Все из книг узнал и все воочию видел Герасим, обо всем горячий искатель истины сто раз передумал, а правой спасительной веры так-таки и не нашел. Везде заблужденье, всюду антихрист… И запала ему на душу тяжелая дума: «Нет, видно, больше истинной веры, все, видно, растлено прелестью врага Божия. Покинул свой мир Господь вседержитель, предал его во власть сатаны…» И в душевном отчаянье, в злобе и ненависти покинул он странство…
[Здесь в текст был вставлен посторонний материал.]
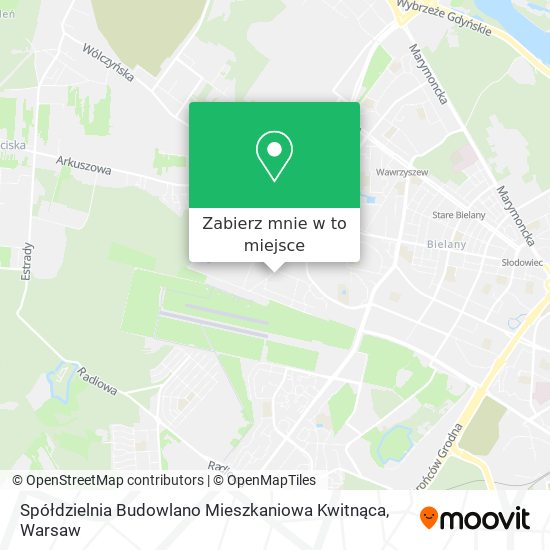 Mapa Spółdzielnia Budowlano Mieszkaniowa Kwitnąca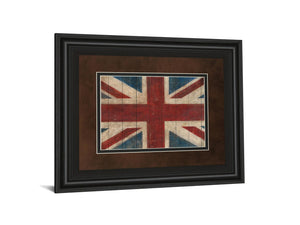 Union Jack By Avery Tillman 34X40 Framed Print
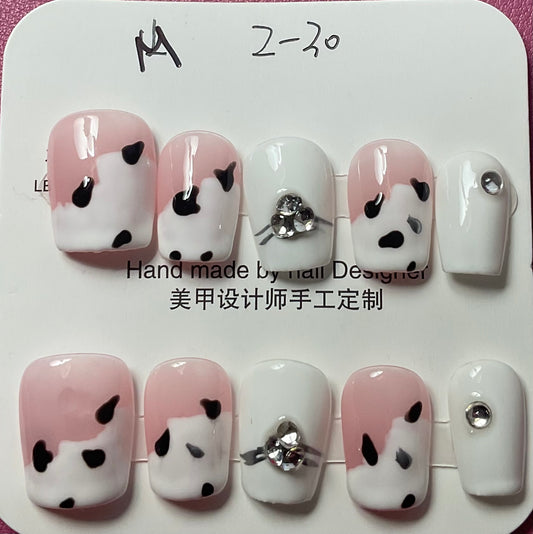 Cow Print Chic Press On Nails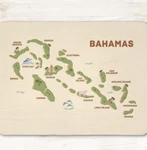 Bahamas Map Fleece Blanket Island Sherpa Throw, Cozy Home Decor, Caribbean. Fixed Price $57.81.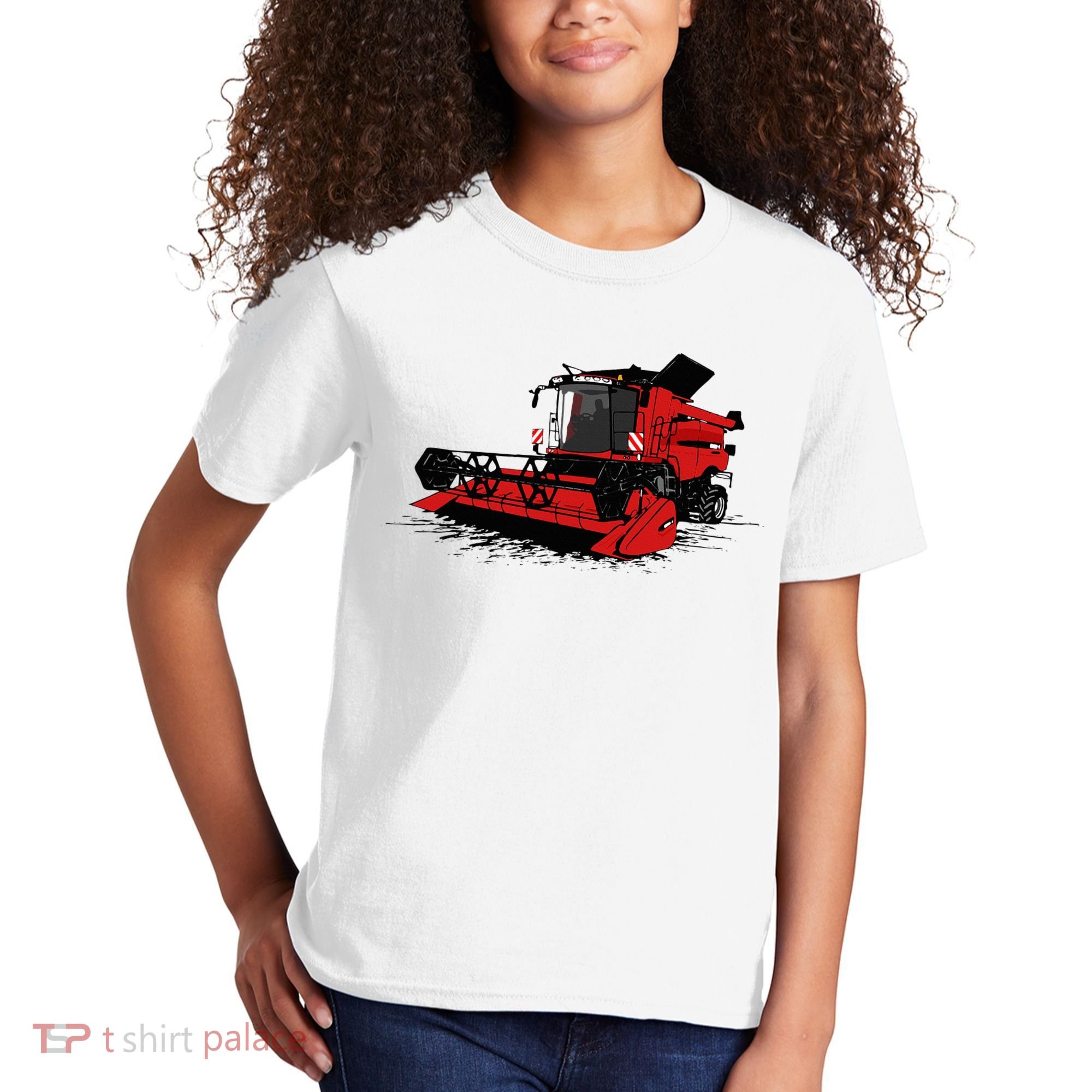 Combine Harvester Farmers Agriculture Kids T-Shirt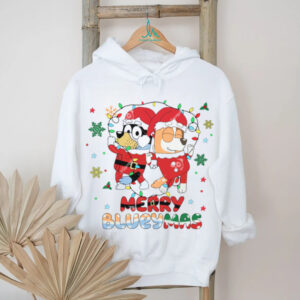 Bluey Dancing Merry Blueymas Shirt, Dad Mom Bluey Dance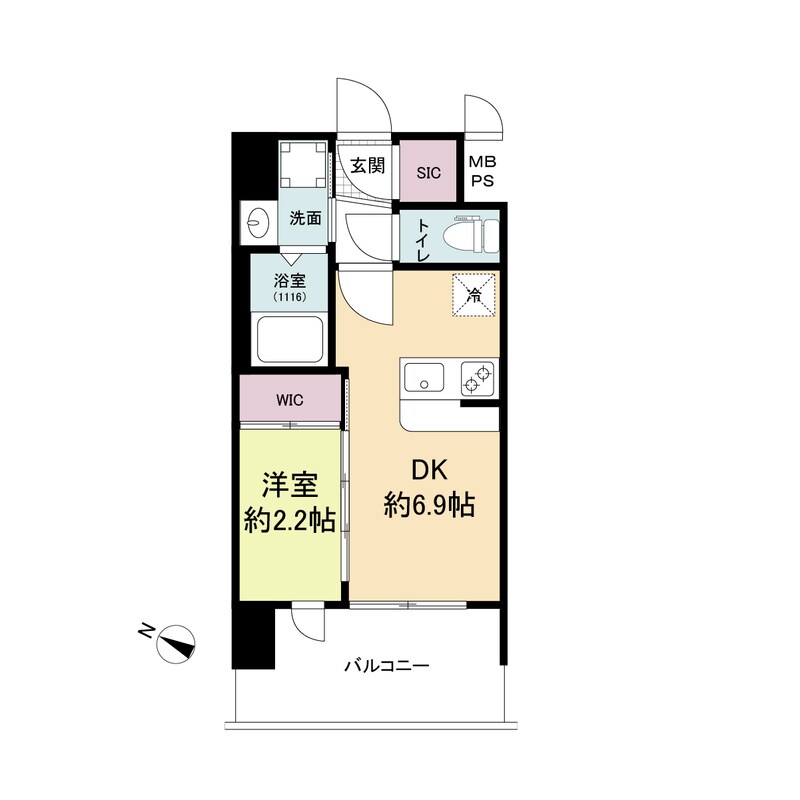 セレニテ十三ミラクの物件間取画像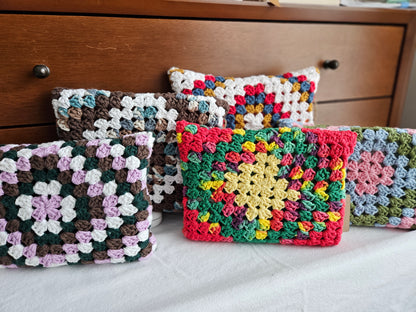Crocheted Granny Book Sleeve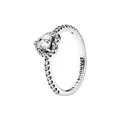 Pandora 198421C01 Ring Damen Erhabenes Herz Silber Gr. 54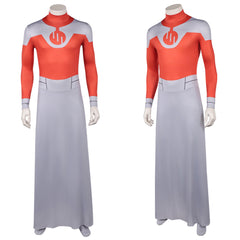 Cosplay Costume Thragg Invincible 4(2026) TV Cosplay Combinaison Rouge et Grise Tenue Homme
И к людям, и к себе самому та злоба была. Отчего ж вдруг напала она на Герасима?.. Не задавался он этим вопросом да никогда бы ответа на него не придумал. Жил доселе одним умом, сердце у него молчало, никогда не бывало у Герасима никаких привязанностей. Он искал истины ради удовлетворения пытливости ума, но любви и добра, исходящих от сердца, не искал, даже никогда и не думал о них. Это был сухой аскет, все человеческое было ему чуждо, никогда любовь не озаряла его загрубевшего сердца, оттого злоба и свила в нем гнездо свое.

 

Воротился на родину. Не пешеходом с котомкой за плечами он домой воротился – три подводы с добром в Сосновку привел. Всем было то видимо, а про то, что Герасим был опоясан чéресом[254] и что на гайтане вместе с тельником[255] висел у него на шее туго набитый бумажник, того никто не видел. Много ли зашито серебра и золота в чéресе, много ль ценных бумаг положено в бумажнике, про то знал да ведал один лишь Герасим. И после никто никогда о том не узнал.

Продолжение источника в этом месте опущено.